Hmm. Which one were you…?
Oh, right; you were the one who asked what I thought of the 5th generation Pokémon, right? Yeah, it’s not that lots of people have asked me about it, it’s that it was originally the whole purpose of this blog. That’s why I started writing, and that’s what the whole of last year was about.
Anyway, this question.
This question is tricky, not so much because there are no first generation Pokémon that are badly designed – there are – but because, counterintuitive as it seems, I don’t think you can hold them to the same standard. They were created in a very different context. First of all, there was nothing to compare them to. This is particularly important when you consider that one of the biggest problems I had with many fifth-generation Pokémon was “well, this is just [Pokémon X] with a new paint job and a haircut.” There’s no way you can reasonably make that complaint about Red and Blue (well, not without attributing some mystical foresight to Game Freak). Second, the designers themselves weren’t that experienced. Game Freak was only founded in 1989; it wasn’t that old when Pokémon was first released and they’d only ever made one or two other games for Nintendo, which never achieved any great notoriety. Black and White were released when Game Freak had been designing Pokémon for over fifteen years, and I am sometimes startled at how little they appear to have learned in that time (not that they don’t still produce some good stuff – they do – but that was true of the first generation as well). Third, no-one ever anticipated that Pokémon would become the global phenomenon it has. There was no guarantee that Red and Green would even be released outside of Japan. Even when the games were remade into the Red and Blue that we played, you can see how low standards were for fixing problems in the code. Today, Pokémon games are guaranteed an international release, and Pokémon is the second most profitable video game franchise on the planet, behind Mario (which, incidentally, means a much bigger budget).

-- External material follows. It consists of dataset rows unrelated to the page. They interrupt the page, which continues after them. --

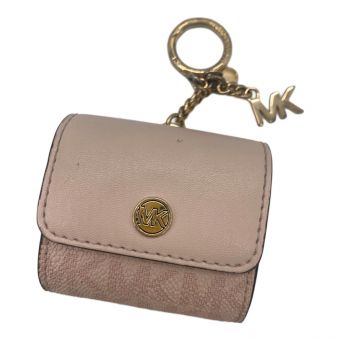 MICHAEL KORS (マイケルコース) AirPodsケース ピンク 35F0GTVL0B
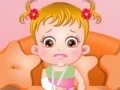 لعبة بيبي هازل: كسر في اليد على الانترنت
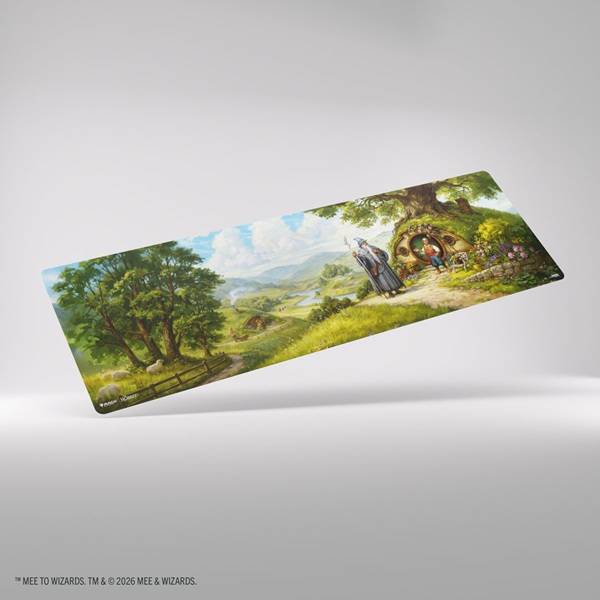 Gamegenic - SpillemÃ¥tte: Magic: The Gathering - The Hobbit Prime (8 ft Table Playmat) - Iconic scene 3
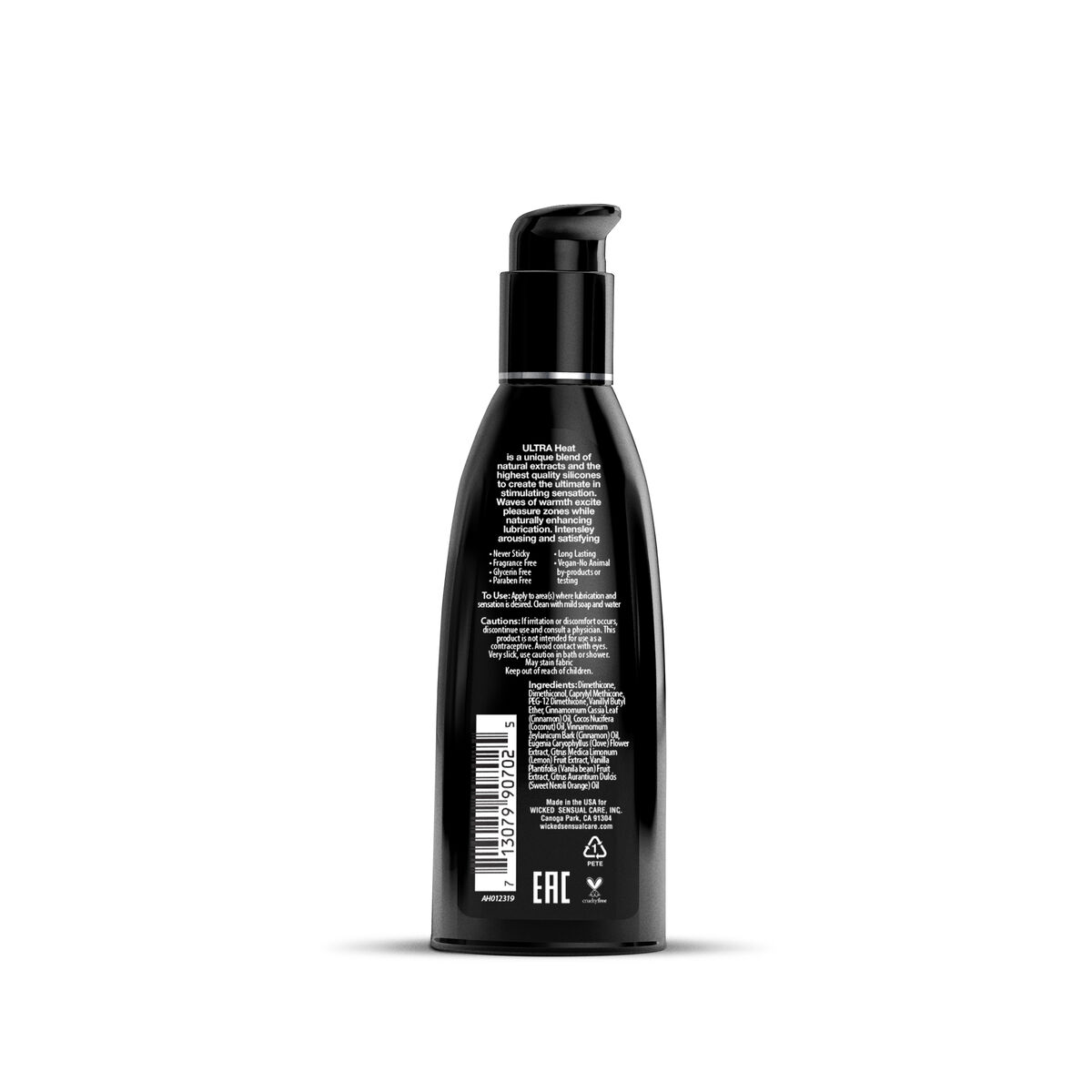 Síkosító Wicked Sensual Care 60 ml Vanília
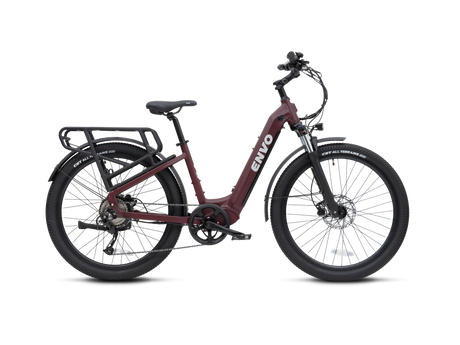 ENVO ST50 Electric Step-Thru Bike (Class 3)
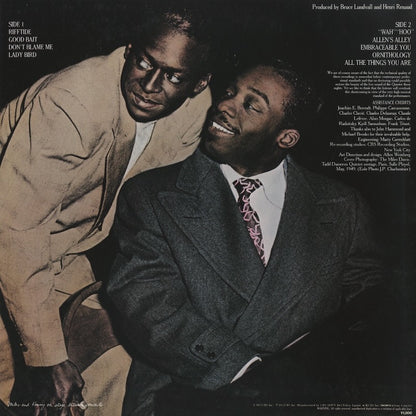 Miles Davis / Tadd Dameron Quintet / マイルス・デイヴィス　タッド・ダメロン / Paris Festival International De Jazz (18AP 2051)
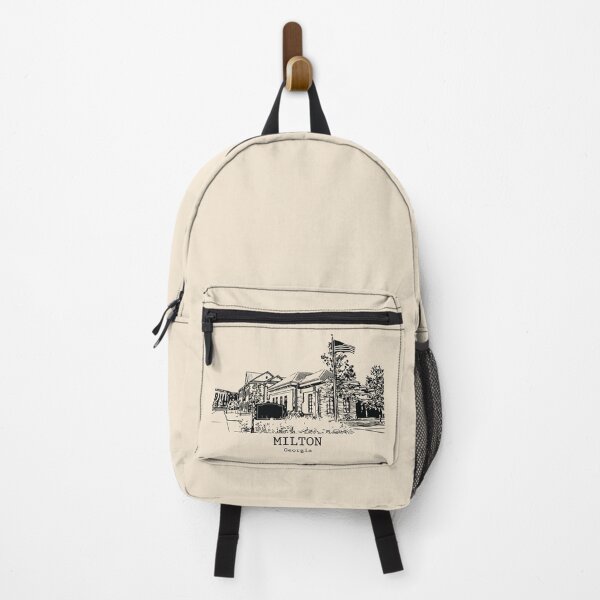 Item preview, Milton - Georgia designed and sold by Lakeric Cityscapes.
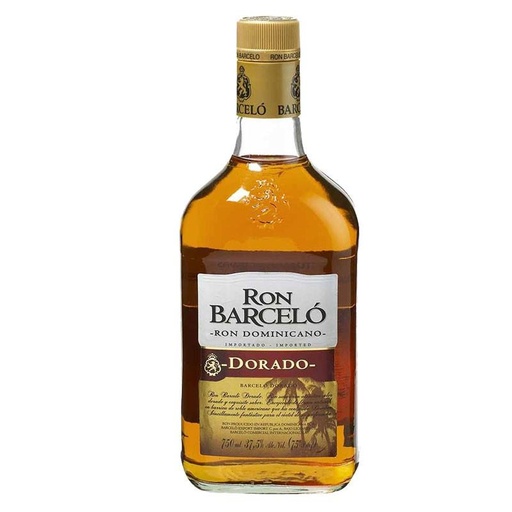 [00-003721] RON BARCELO DORADO 12/700 ML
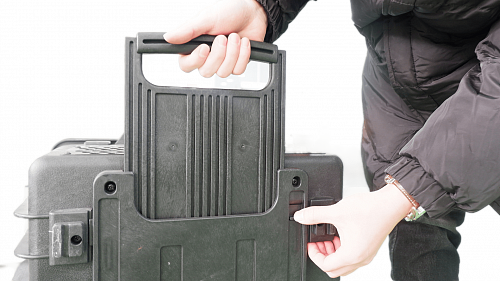 Мобильный лазер для очистки металла TURBOLASE R3500 200w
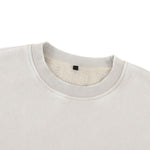 Heavyweight Fleece Washed Vintage Crew Neck Sweatshirt
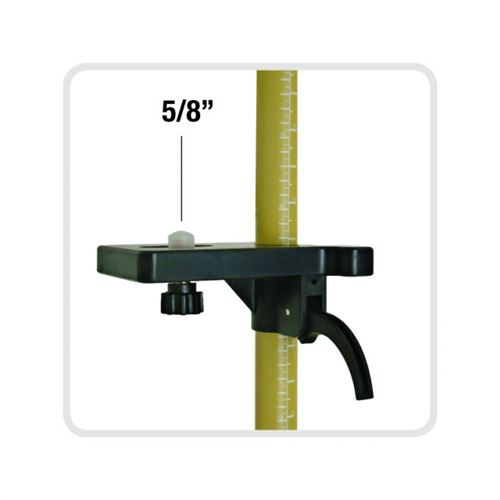 Metrica 60560 Tige t&eacute;lescopique pour Lasers avec tr&eacute;pied 3,6 m
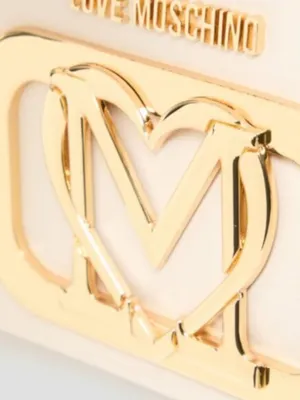 Love Moschino Gold Rush embellished faux leather wallet thumbnail 3
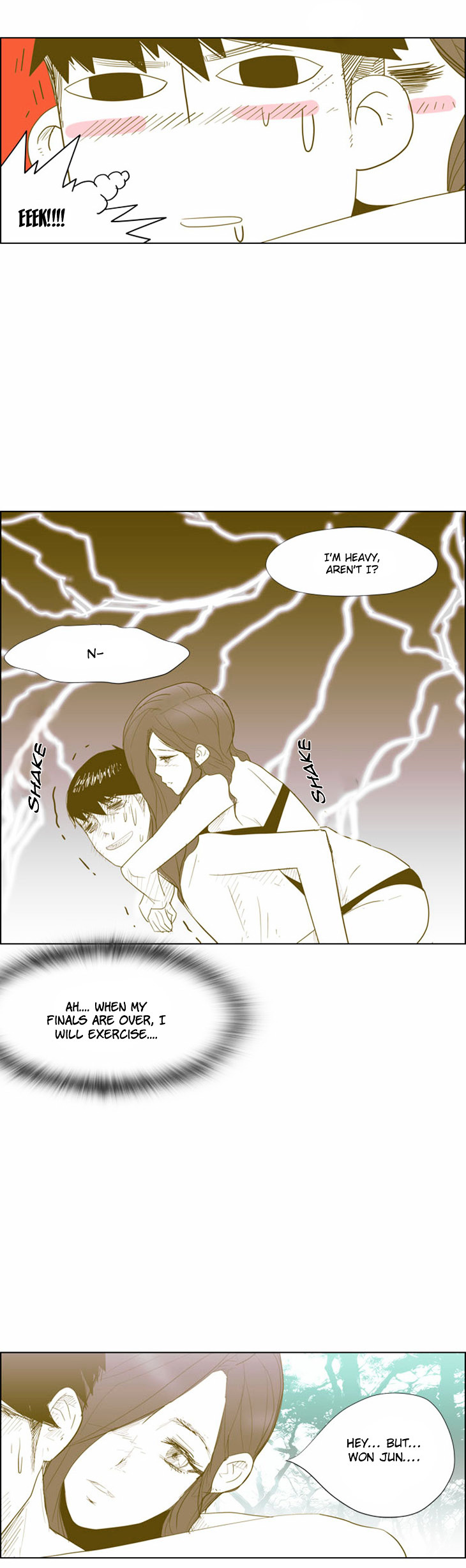 What's There to Know Chapter 21.2 page 32 - Chapter 21 v2 : #21. Sea of Emotions (1) - 5:45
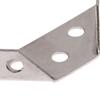 10Pcs Universal Furniture Corner Connector Stainless Steel Corner Brace Heavy Duty Angle Shelf Brackets For Wood
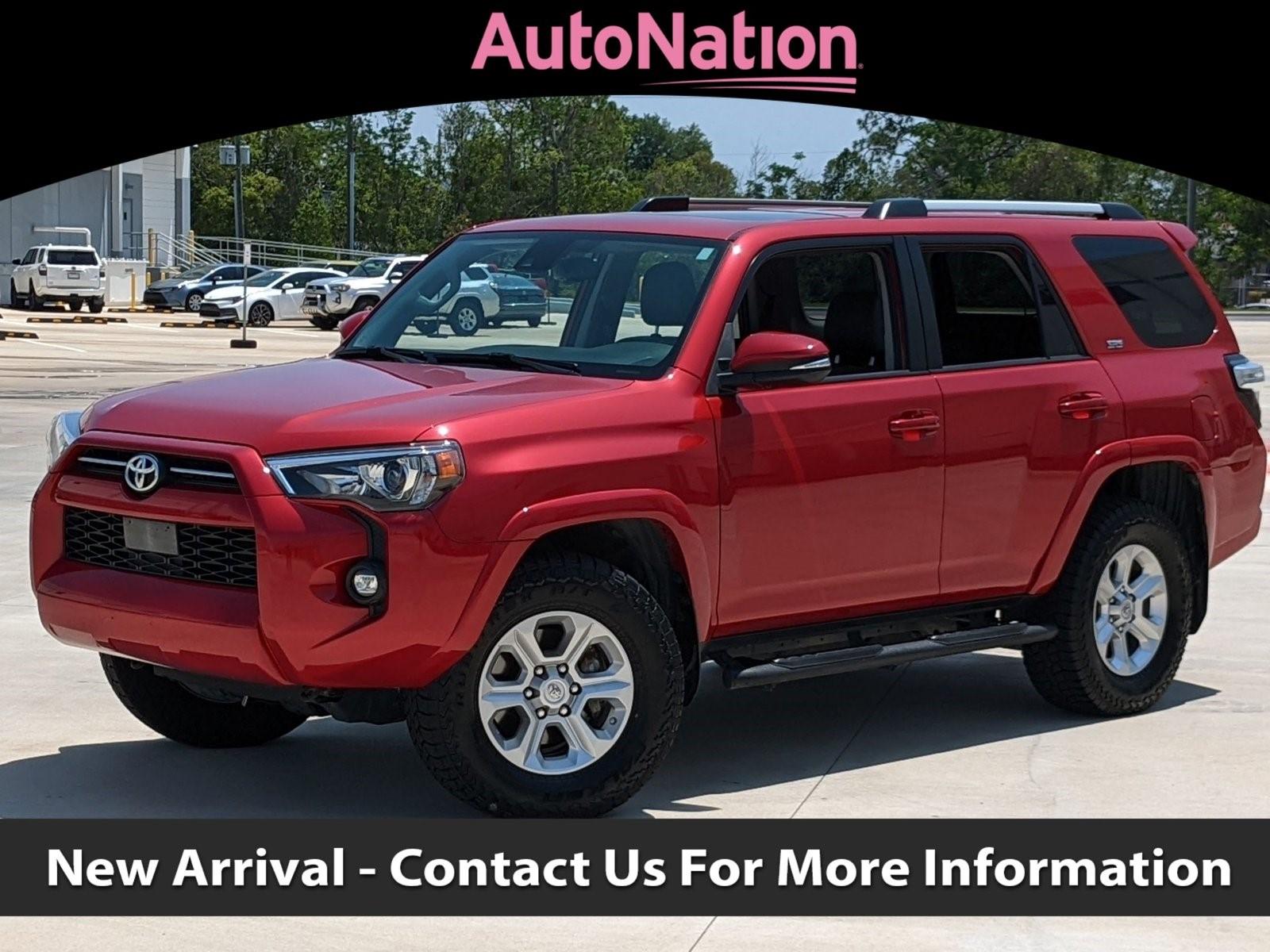 2021 Toyota 4Runner Vehicle Photo in Winter Park, FL 32792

What I am by slow degrees trying to say here is that mistakes were made in Red and Blue, and I’m okay with that. I’m not okay with the exact same mistakes being made, repeatedly and often quite insistently, in Black and White. The phrasing “I deny this Pokémon’s right to exist” was deliberately over-the-top, and meant to convey that if I had been on the design team, I would have scrapped the Pokémon in question. I would never use it of any Pokémon from an older iteration of the franchise, and in fact I probably wouldn’t use it of a fifth generation Pokémon either, if I redid all of those reviews now – we’ve got them, and we may as well work with them.